When finally given a chance to pitch, against the Boston Red Sox on March 25, after two scoreless innings, he gave up four singles and doubles to Harry Lord and Tris Speaker, in the third, resulting in three runs and was lifted for a pinch hitter the following inning.

Hosp was also tried in the infield where he “has made a fine impression.”  But it wasn’t enough to stick with the Reds.

The Herald reported in early May:

“Franz Hosp, one of the best pitchers who ever worked in the Coast League and who was released to Los Angeles by Cincinnati almost ten days ago because his pitching arm is kafluey for a time is warming up with the Angels every day and Hen Berry thinks he will get back into pitching form again soon.  He is a crack infielder too, and a heavy sticker, so it is dollars to cents that he will not be idle long.”

Hosp made his mound debut for the Angels on May 20; he pitched a complete game, losing 5 to 3.  The Herald said:

“Hosp showed excellent form for a pitcher who has been out of the game as long as he, and with a weak and sore arm, and he should be able get back to his best form with a little patience and careful slab work until his arm is ripe again.”

The paper was wrong, the extent of Hosp’s activity as a pitcher after that game was four innings in three games over the next year and a half.

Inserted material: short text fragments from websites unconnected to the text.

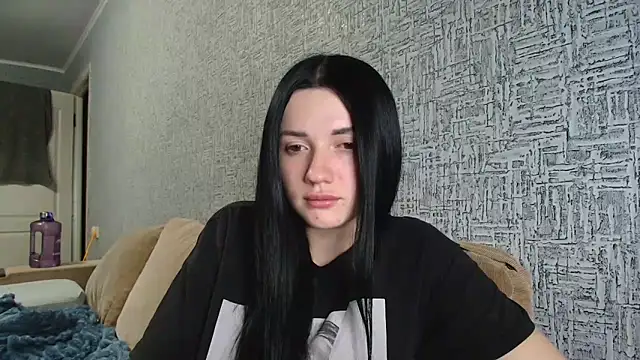 Snapshot of Liana_diva chatting on 02-22-26, 07:04 Liana diva online show from 02-22-26, 07:04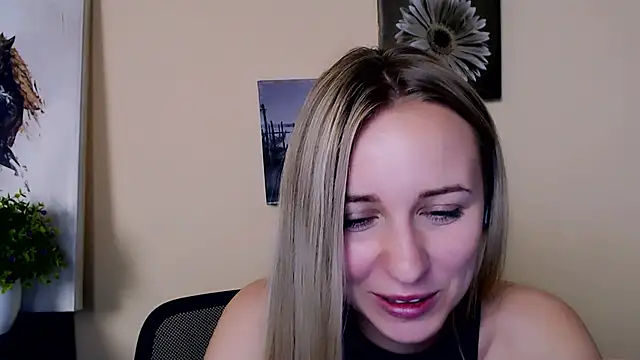Snapshot of _Nicole_new chatting on June 2026 09:12:02 AM Nicole new online show from June 2026 09:12:02 AM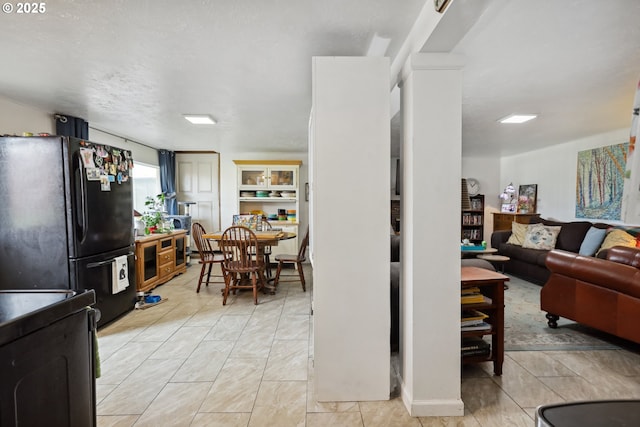 1831 E 14th St, The Dalles, OR 97058 - view of living area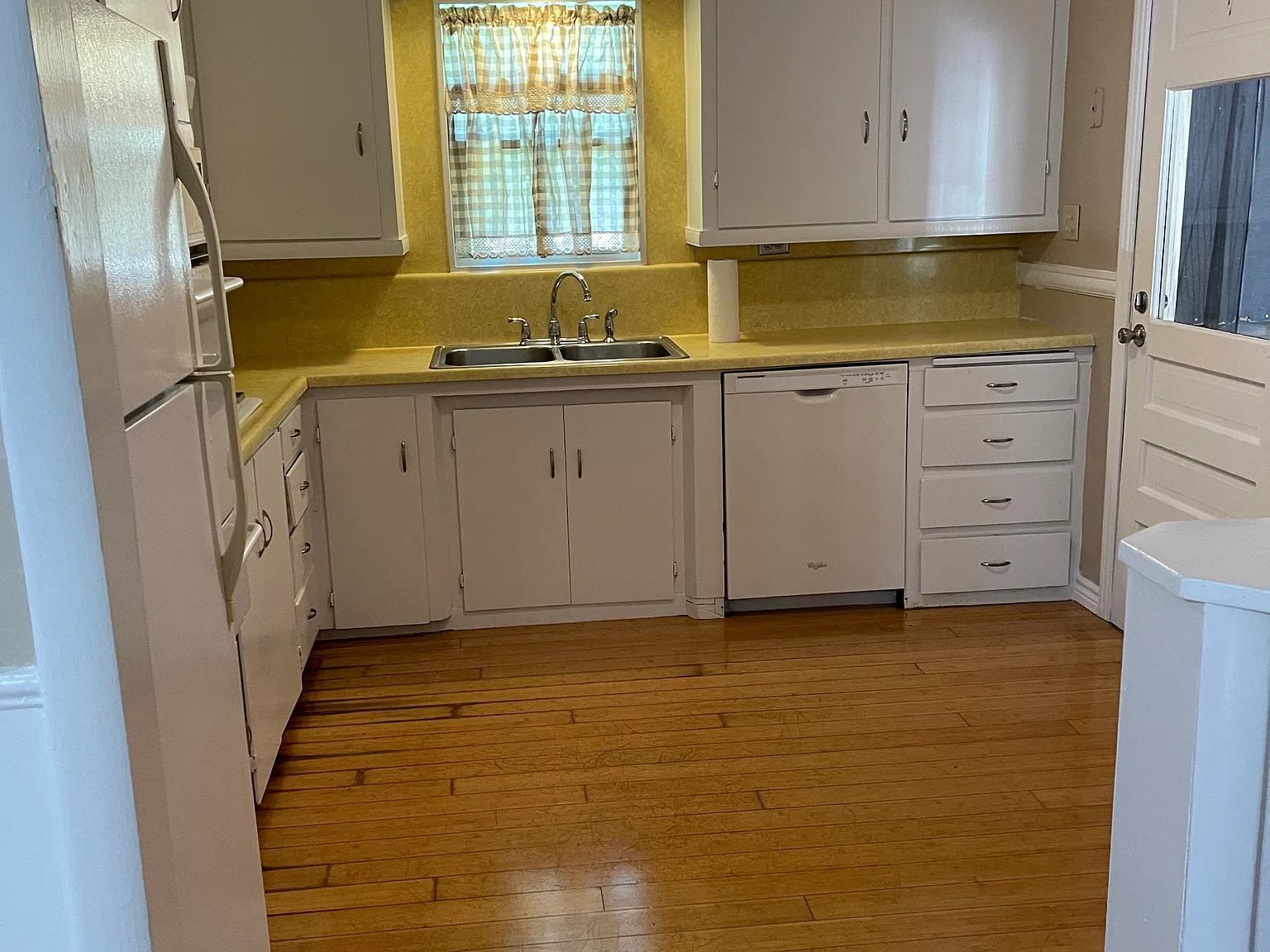 3 bed, 873 sqft, $1,300 — Photo 3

Hosp was released by the Angels on June 15, along with Briswalter, who The Times claimed four months earlier had said  Hosp’s arm was shot; Briswalter had not recovered from a hip injury sustained during the 1909 season, he developed Tuberculosis of the injured bone and died in 1912.

Andy Briswalter

Andy Briswalter

 

Hosp continued to play for a decade.

Within weeks he was signed to play shortstop for the Vernon Tigers.   He hit just .240 for the Tigers, but The (Portland) Oregonian called him “a nifty fielder.”

Hosp became the team’s regular shortstop, through their move to Venice, California.  He hit .261 in 1911, and 1912, .255 in 1913, and then slipped to .208 in 1914.  He was released before the 1915 season and played for the Wichita Witches in the Western League.  He returned briefly to the PCL at the end of 1915, but was released by the Oakland Oaks prior to the 1916 season.  He returned to the PCL in 1918, playing for four teams over the next three seasons, ending his career after 56 games with the Salt Lake City Gulls in 1920.

Hosp returned to Southern California where he played and managed for semi-pro and industrial league teams and lived in Los Angeles.

On June 30, 1928 he was killed in a car accident on Coast Highway (US 101) 16 miles north of Oceanside.